■ MATERIAL PROVIDED
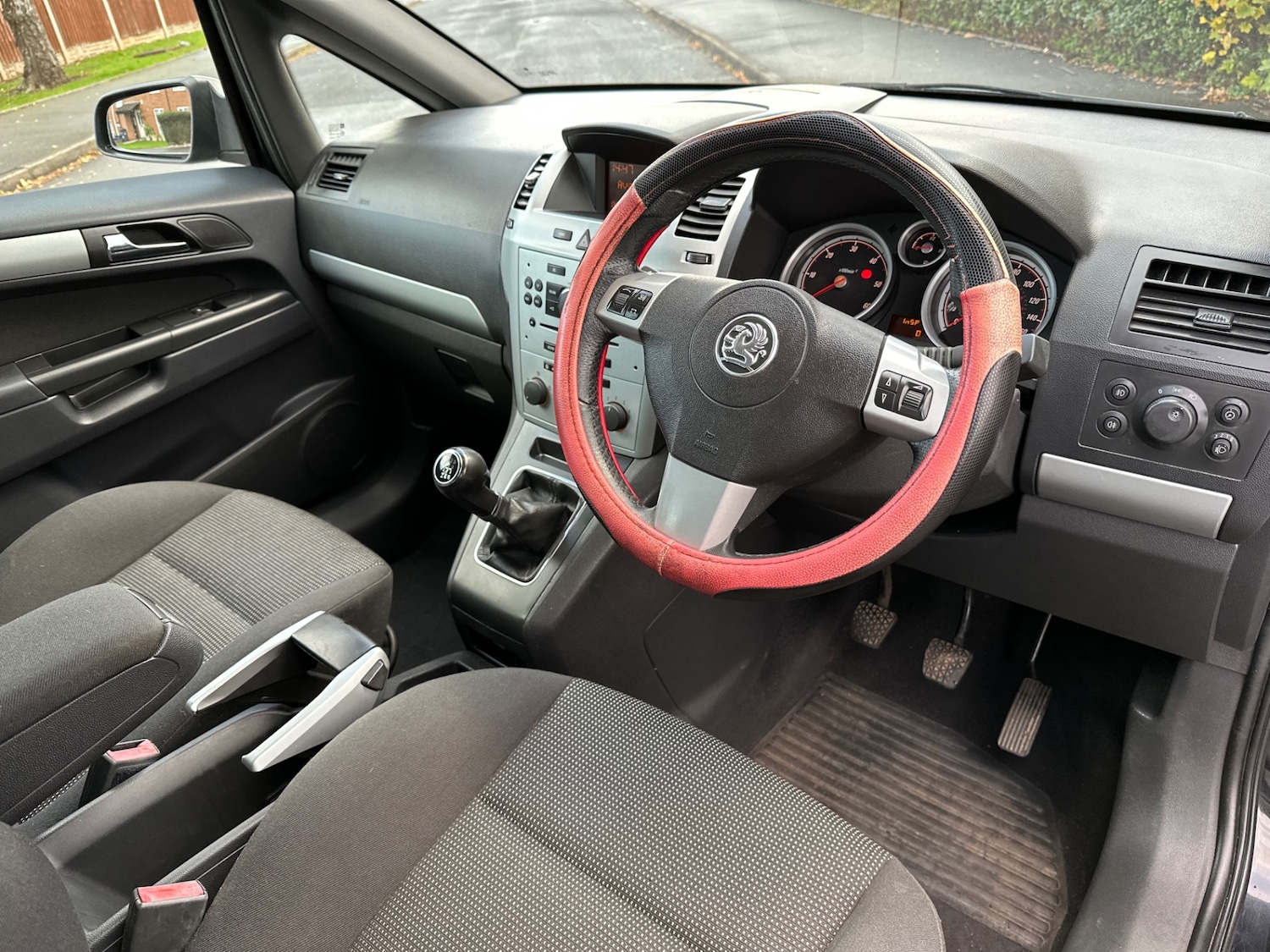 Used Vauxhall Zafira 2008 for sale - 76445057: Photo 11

--

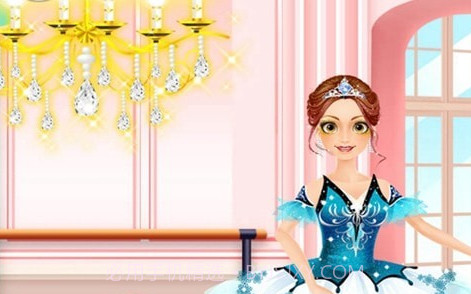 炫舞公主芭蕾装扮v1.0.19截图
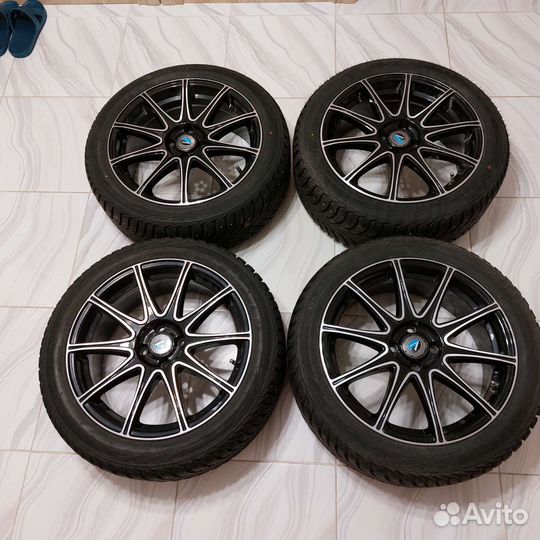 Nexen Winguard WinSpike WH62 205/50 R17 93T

...

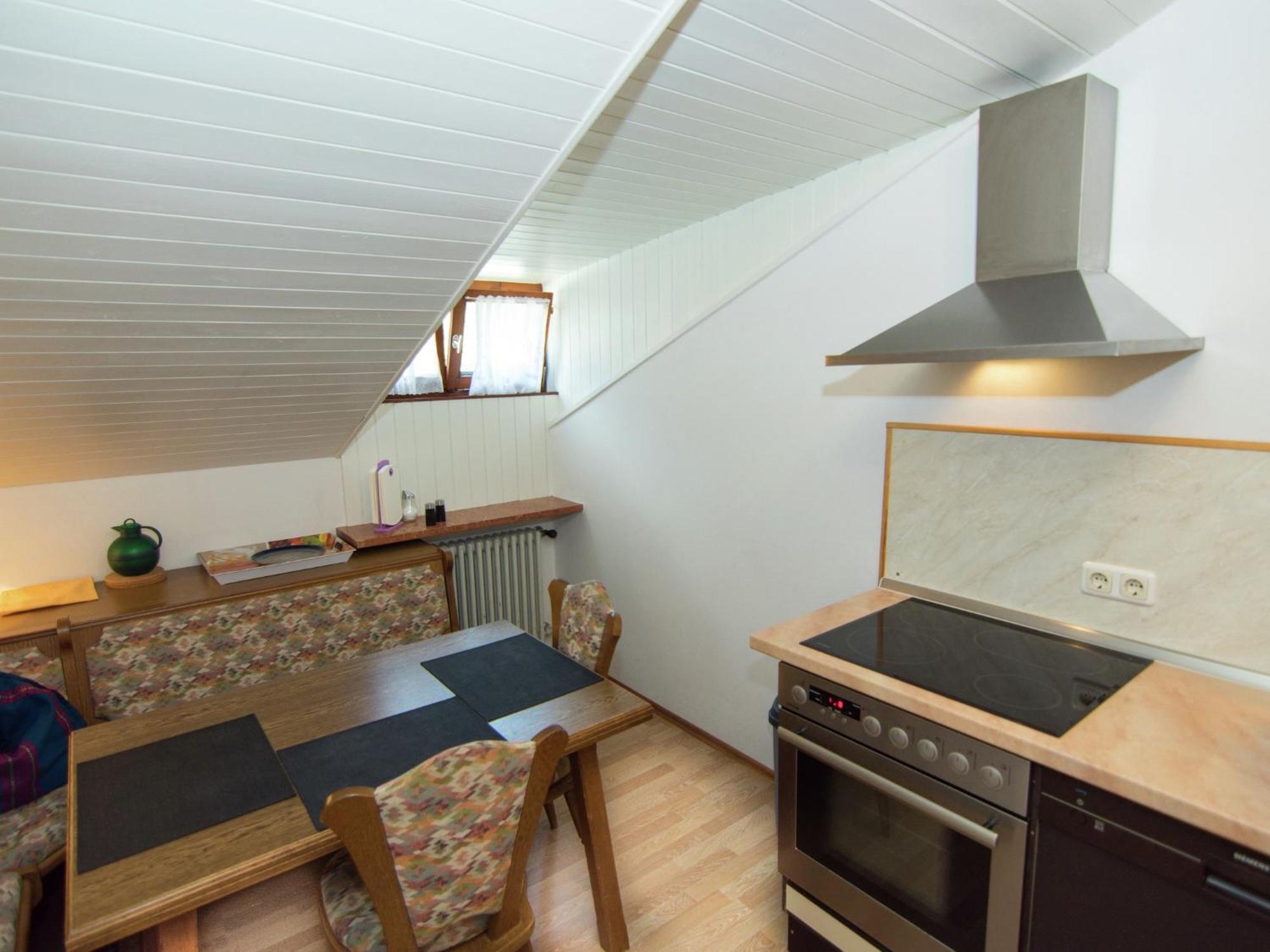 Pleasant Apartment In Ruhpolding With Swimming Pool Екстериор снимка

■ THE PROBLEM
Copy only these lines from the records above, exactly: the one with "炫舞公主芭蕾装扮v1.0.19截图", the one with "Nexen Winguard WinSpike WH62 205/50 R17 93T", and those between. Skip the pictures.

■ RESULT BELOW
 炫舞公主芭蕾装扮v1.0.19截图
 Nexen Winguard WinSpike WH62 205/50 R17 93T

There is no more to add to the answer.